By the time of Alexander the Great, we start to know a little more about the Arabs, because the Greeks were trading with them. The Romans also traded with the Arabs, who got spices and other things from India and sold them to the Romans for gold.
In the long war between the Sassanids and the Romans, different tribes of Arabs fought on each side. In this Late Antique period, the kingdom of Saba (Sheba) fell apart.

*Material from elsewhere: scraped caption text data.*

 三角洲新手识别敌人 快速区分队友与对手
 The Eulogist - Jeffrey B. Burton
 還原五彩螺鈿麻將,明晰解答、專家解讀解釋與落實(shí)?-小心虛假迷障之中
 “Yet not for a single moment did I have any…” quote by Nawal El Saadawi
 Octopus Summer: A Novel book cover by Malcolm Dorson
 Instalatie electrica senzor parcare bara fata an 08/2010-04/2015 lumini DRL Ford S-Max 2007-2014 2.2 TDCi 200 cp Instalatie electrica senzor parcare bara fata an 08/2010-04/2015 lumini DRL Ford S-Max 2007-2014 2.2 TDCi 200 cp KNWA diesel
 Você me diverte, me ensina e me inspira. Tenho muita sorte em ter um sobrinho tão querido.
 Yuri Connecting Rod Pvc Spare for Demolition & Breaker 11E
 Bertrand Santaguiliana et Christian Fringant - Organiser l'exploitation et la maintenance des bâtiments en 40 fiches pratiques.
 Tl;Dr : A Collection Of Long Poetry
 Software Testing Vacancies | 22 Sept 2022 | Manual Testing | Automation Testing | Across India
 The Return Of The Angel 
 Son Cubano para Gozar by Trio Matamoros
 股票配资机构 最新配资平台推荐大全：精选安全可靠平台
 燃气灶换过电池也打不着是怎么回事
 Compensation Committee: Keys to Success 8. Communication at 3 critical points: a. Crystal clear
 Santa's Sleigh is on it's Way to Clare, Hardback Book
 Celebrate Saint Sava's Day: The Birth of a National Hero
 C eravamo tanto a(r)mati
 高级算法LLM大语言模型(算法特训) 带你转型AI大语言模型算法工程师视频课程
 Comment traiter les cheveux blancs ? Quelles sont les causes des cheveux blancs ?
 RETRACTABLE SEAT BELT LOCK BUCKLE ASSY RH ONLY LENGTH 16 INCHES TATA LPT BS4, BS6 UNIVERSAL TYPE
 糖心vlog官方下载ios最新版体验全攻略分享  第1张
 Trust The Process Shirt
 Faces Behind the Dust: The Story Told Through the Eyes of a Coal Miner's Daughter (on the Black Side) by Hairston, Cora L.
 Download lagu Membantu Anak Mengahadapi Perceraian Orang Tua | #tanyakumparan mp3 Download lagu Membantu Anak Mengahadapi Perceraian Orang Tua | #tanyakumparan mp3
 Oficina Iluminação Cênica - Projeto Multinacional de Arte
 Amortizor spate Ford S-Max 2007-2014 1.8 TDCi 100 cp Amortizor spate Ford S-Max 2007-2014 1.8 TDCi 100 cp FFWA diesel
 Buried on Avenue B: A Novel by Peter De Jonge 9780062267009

The Prophet Mohammed was born in the northern Arabian trading city of Mecca between 570 and 580 AD. When he was forty years old, he heard the angel Gabriel speaking to him and telling Mohammed that he was a prophet in the line of Abraham, Moses, and Jesus, who would continue the faith those prophets had started. Mohammed's faith was called Islam (iz-LAMM). After a slow start, Mohammed made a lot of converts to his religion, and after he won some military battles, most of the other Arabic tribes also converted to Islam. After they had done that, Mohammed's successors attacked first the Romans and then the Sassanids to convert them. By 640 (after the death of Mohammed) the Arabs controlled most of West Asia, and soon after that, under the rule of the Umayyad caliphs, they conquered Egypt. By 711, the Umayyads controlled all of Western Asia except Turkey (which was still part of the Roman Empire), and all of the southern Mediterranean: Egypt, Libya, Tunisia, Algeria, Morocco, and most of Spain.
Write a composition on the achievements of the Islamic civilization in architecture.
Typical Essay:
The first buildings that were built in the Islamic Empire were designed by Greek architects who had already been living in the area when the Arabs conquered it. Because of that, these buildings look a lot like earlier buildings in the area - Late Roman Empire buildings. But because they were now building Islamic mosques and not Christian churches, these Greek architects were able to experiment with some new forms, developing a new Islamic style. One of the earliest mosques is the Dome of the Rock in Jerusalem, from the 600's AD. It's octagonal, like Hadrian's Pantheon, instead of being cross-shaped like a Christian church. In the late 700's AD, the new Arab rulers of North Africa marked their new territory by building great mosques like the one at Kairouan (modern Tunisia) and the one at Cordoba in Spain.
In the Abbasid period, beginning about 800 AD, the capital of the Islamic empire moved further east, to Baghdad, and so the caliphs needed a lot of new beautiful palaces and mosques built in Baghdad. Because Baghdad was in the old Sassanian Empire, the architects who lived there followed Sassanian architectural traditions, and these buildings, like the mosque at Samarra, looked very different from the ones built by the Greek architects.
In the end, though, the Islamic Empire made it so easy to travel around that all the architects got to know each other's styles, and there got to be one main style of building all across the Islamic Empire. As the empire broke down into a lot of smaller kingdoms, the ruler of each kingdom needed to show how important he was, so he built mosques and palaces in his own capital. The Fatimids, for example, built the Al-Azhar mosque in Cairo in the 900's AD. In Spain in the late 1200's AD, the Almohads, built their own palace at Granada, the Alhambra.
The Ottoman sultan built the last great Islamic building before 1500 AD - his palace in Istanbul, which he built in the late 1400's AD.